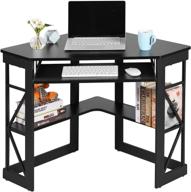 vecelo corner computer desk: sleek writing table with keyboard tray & storage shelves - compact home office furniture in black logo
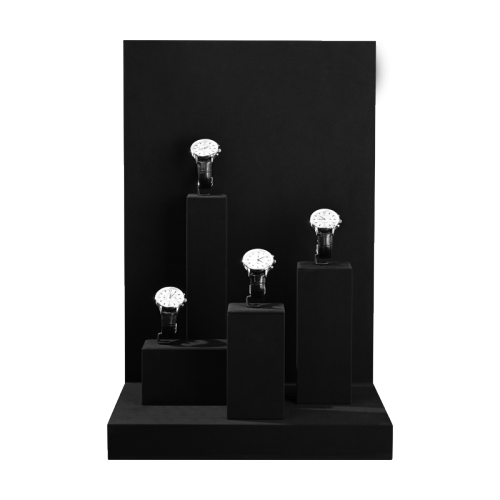 TT556 Luxury Black Microfiber Watch Display Stand for Watch Shop Window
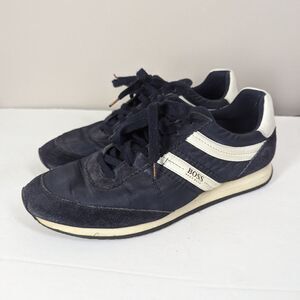 Hugo Boss Men's Sneakers Size 12 EU 45 Blue White Retro Low Top Designer Shoes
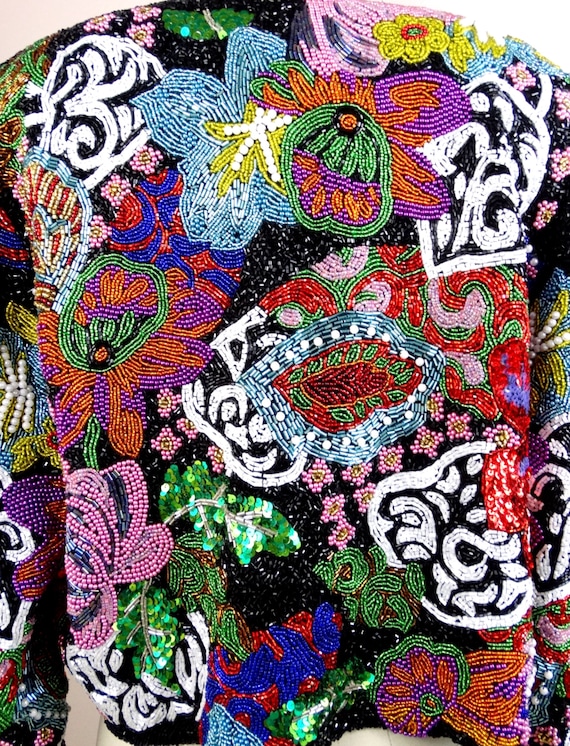 VERY HEAVY All Beaded Sequin Embellished Jacket /… - image 7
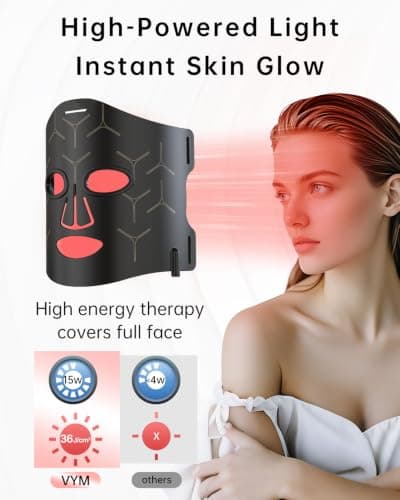 Miniatura de Mascarilla Facial LED Infrarroja de Terapia de Luz Roja, 292 LEDs de Alta Energía, Inalámbrica 6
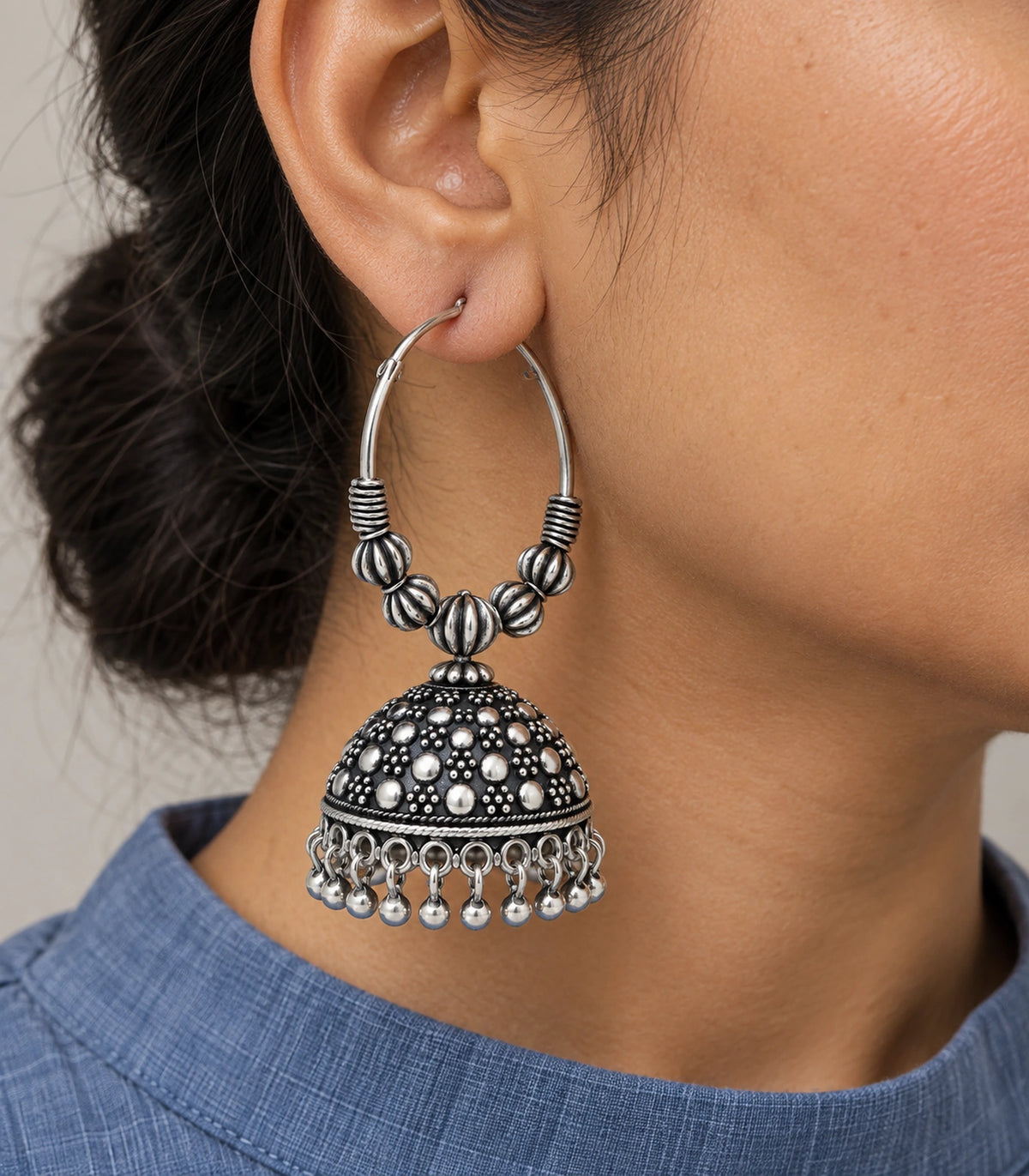 JIMIKI Oxidized Silver Five Bead Hoop Dotted Jhumka Earrings in Oxidized Silver - close-up details #color_oxidized-silver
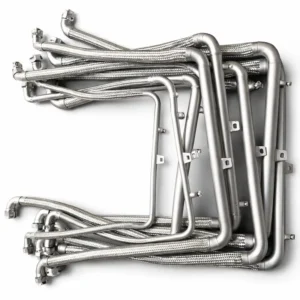Juntas antisísmicas tipo U de acero inoxidable con mangueras flexibles trenzadas, utilizadas para absorber vibraciones y movimientos en sistemas de tuberías industriales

**WHAT IS NEEDED:**
The preceding listing is to be restated word for word, with every picture omitted.

**TASK OUTPUT:**
 vecelo corner computer desk: sleek writing table with keyboard tray & storage shelves - compact home office furniture in black logo
 TT556 Luxury Black Microfiber Watch Display Stand for Watch Shop Window
 Hugo Boss Men's Sneakers Size 12 EU 45 Blue White Retro Low Top Designer Shoes
 VERY HEAVY All Beaded Sequin Embellished Jacket /… - image 7
 Miniatura de Mascarilla Facial LED Infrarroja de Terapia de Luz Roja, 292 LEDs de Alta Energía, Inalámbrica 6
 JIMIKI Oxidized Silver Five Bead Hoop Dotted Jhumka Earrings in Oxidized Silver - close-up details #color_oxidized-silver
Juntas antisísmicas tipo U de acero inoxidable con mangueras flexibles trenzadas, utilizadas para absorber vibraciones y movimientos en sistemas de tuberías industriales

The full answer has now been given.